Betty Aldworth, Director of Communications
maps.org/mediarequest or email@example.com
831-429-6362 ext 303
Founded in 1986, MAPS is a 501(c)(3) non-profit research and educational organization that develops medical, legal, and cultural contexts for people to benefit from the careful uses of psychedelics and marijuana. MAPS is sponsoring the most advanced psychedelic therapy research in the world: Phase 3 clinical trials of MDMA-assisted therapy for PTSD. Since its founding, MAPS has raised over $100 million for psychedelic therapy and medical marijuana research and education and has earned the Guidestar Platinum Seal of Transparency.
ABOUT MAPS PUBLIC BENEFIT CORPORATION (MAPS PBC)

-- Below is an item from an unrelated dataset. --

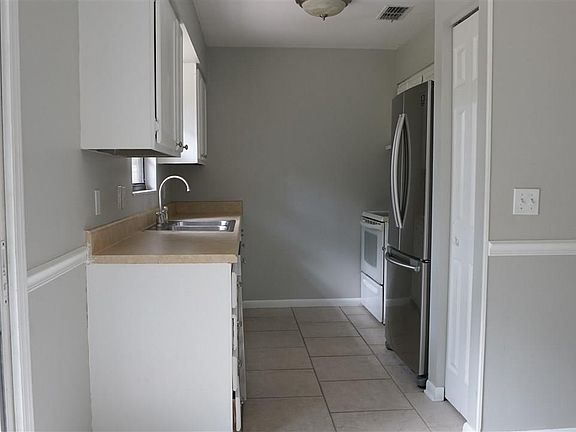 5th image of 3330 NW 49th Ter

MAPS Public Benefit Corporation (MAPS PBC) catalyzes healing and well-being through psychedelic drug development, therapist training programs, and sales of prescription psychedelics while prioritizing public benefit above profit. Founded in 2014, MAPS PBC is a wholly owned subsidiary of the Multidisciplinary Association for Psychedelic Studies (MAPS), a 501(c)(3) non-profit organization.